◆ **EXERCISE INSTRUCTIONS**
In the records below, the line with "Co-op Food - Penrhiwceiber" and every line after it must be written out exactly; no pictures belong in the result.

◆ **AVAILABLE DATA**

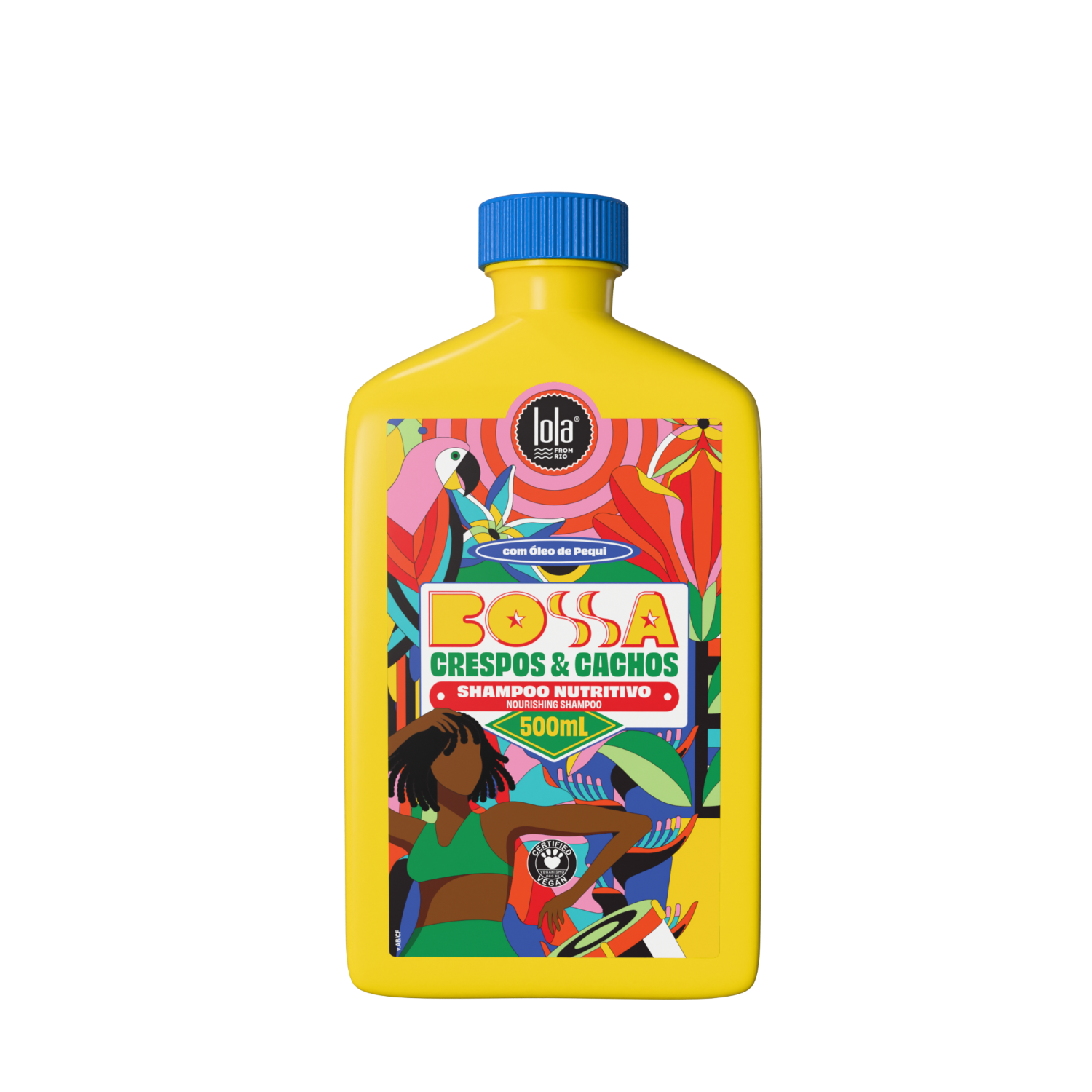 SHAMPOO LOLA BOSSA 500ML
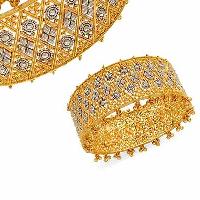 Gold Bracelets -15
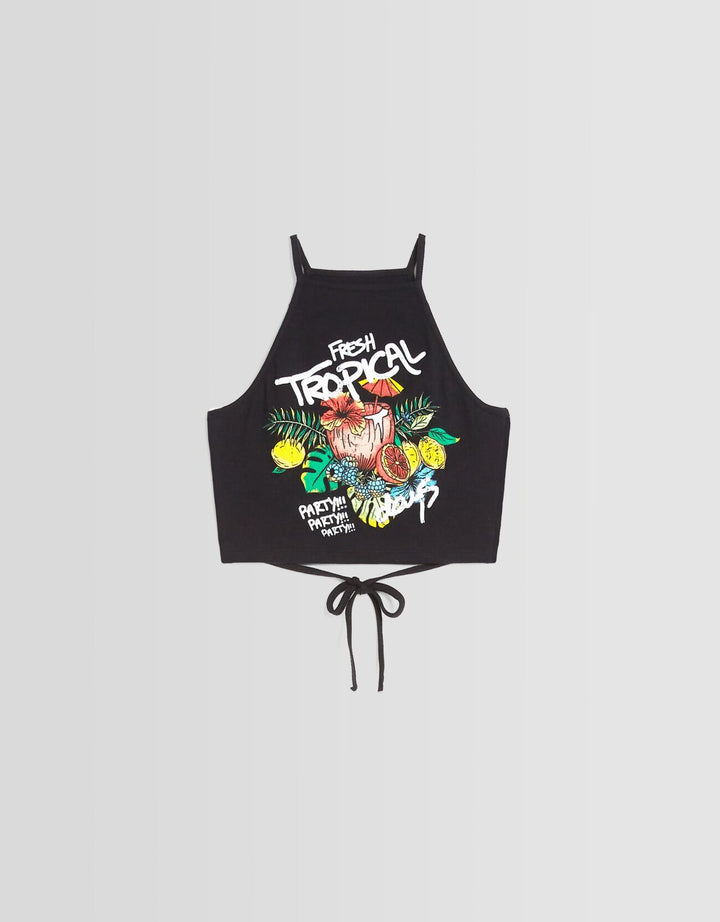 Moudda BERSHKA - Tops - Tunisie 1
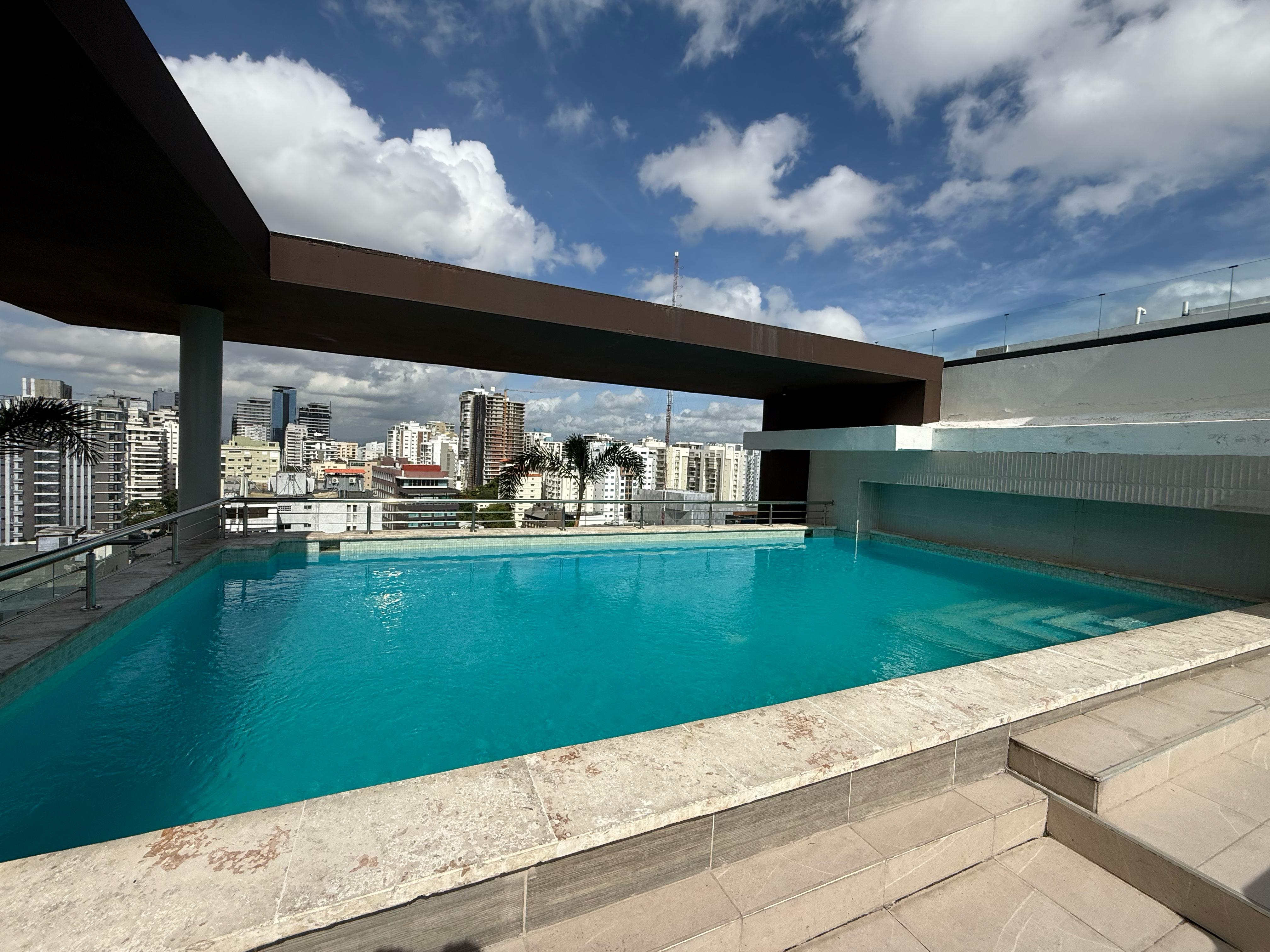apartamentos - Se alquila Apartamento En Piantini 5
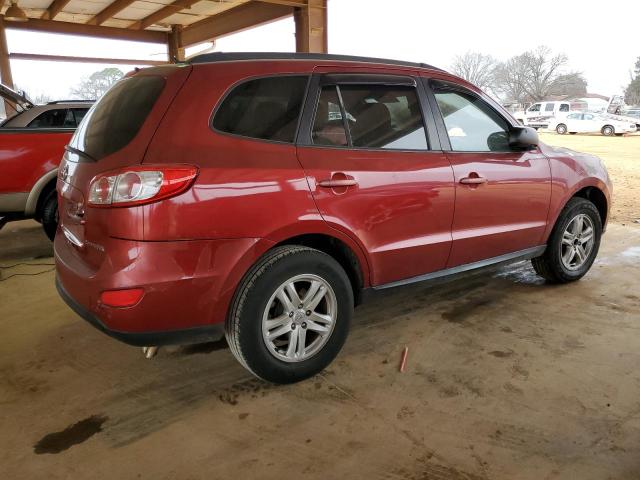 Photo 3 from auction – 2010 HYUNDAI SANTA FE G with VIN 5NMSG3ABXAH392847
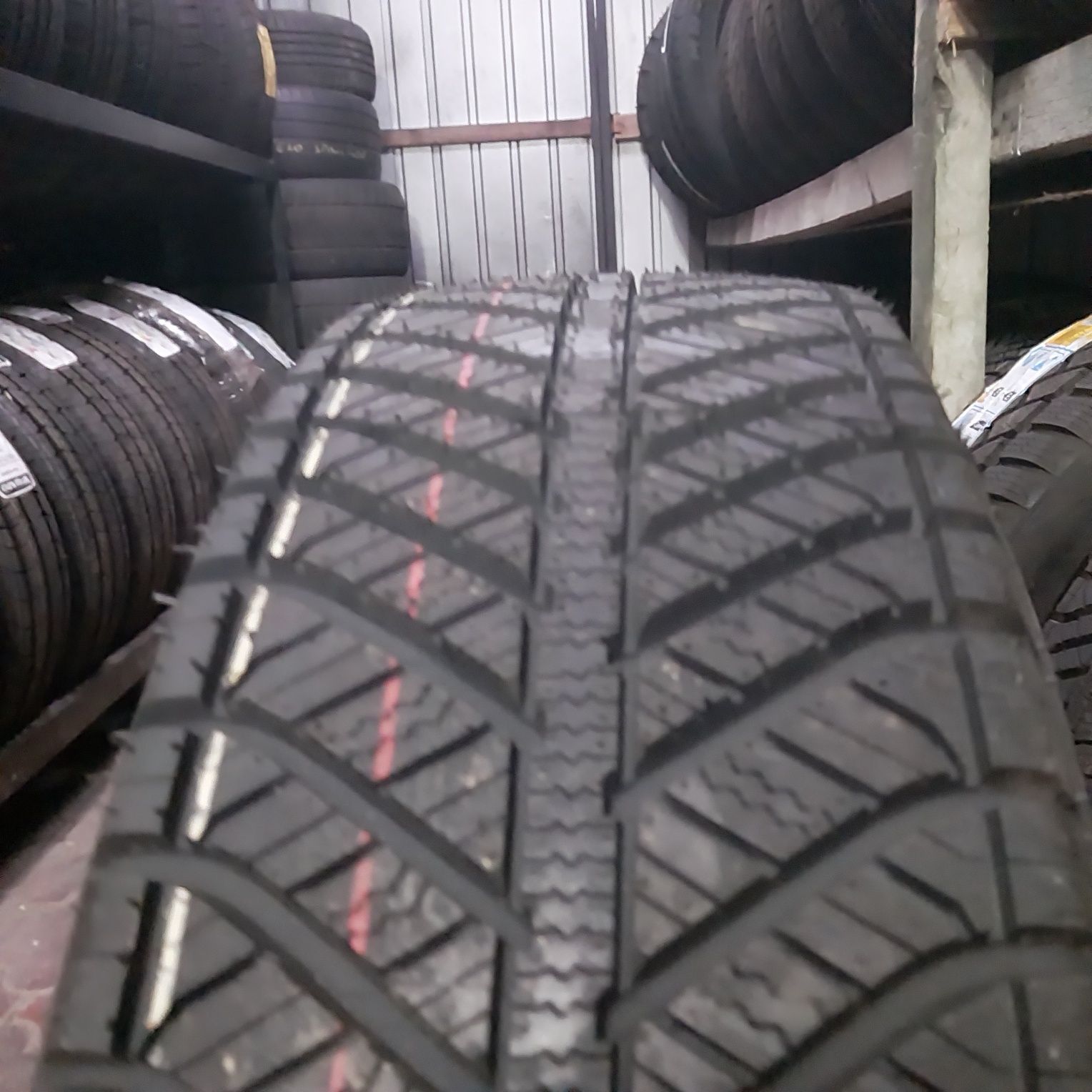 Opony Całoroczne GałGum 185/65R15 88H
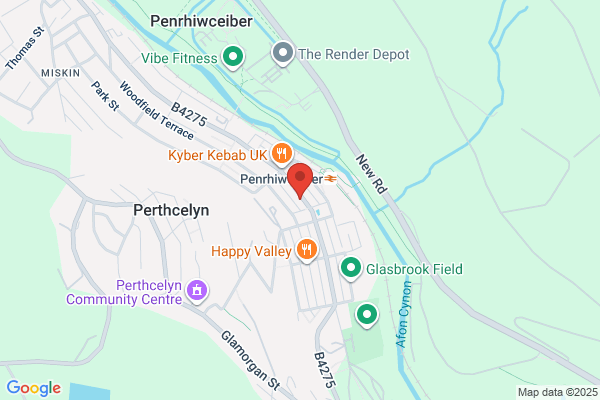 Co-op Food - Penrhiwceiber - Penrhiwceiber Road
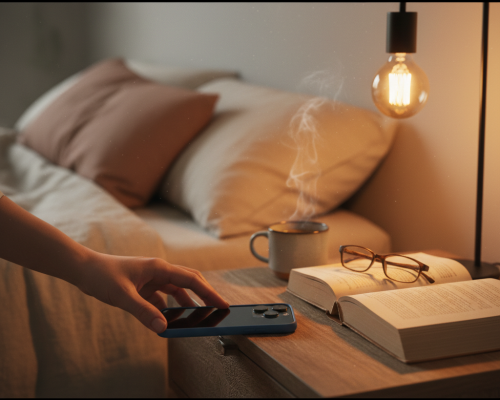 How to Implement a ‘No-Screens’ Rule Before Bed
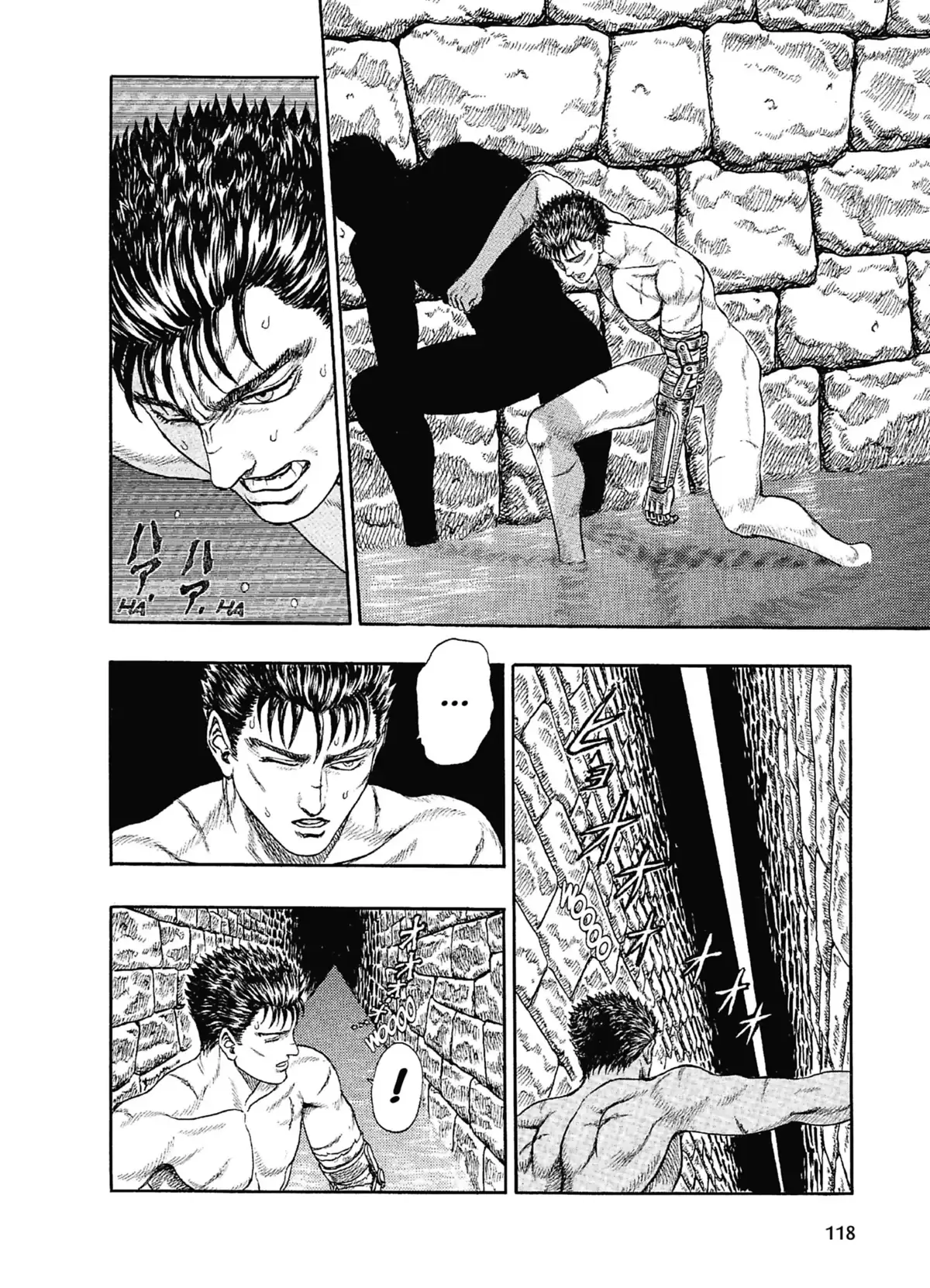 Berserk Volume 1 page 112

◆ **TASK SOLUTION**
 Co-op Food - Penrhiwceiber - Penrhiwceiber Road
 How to Implement a ‘No-Screens’ Rule Before Bed
 Berserk Volume 1 page 112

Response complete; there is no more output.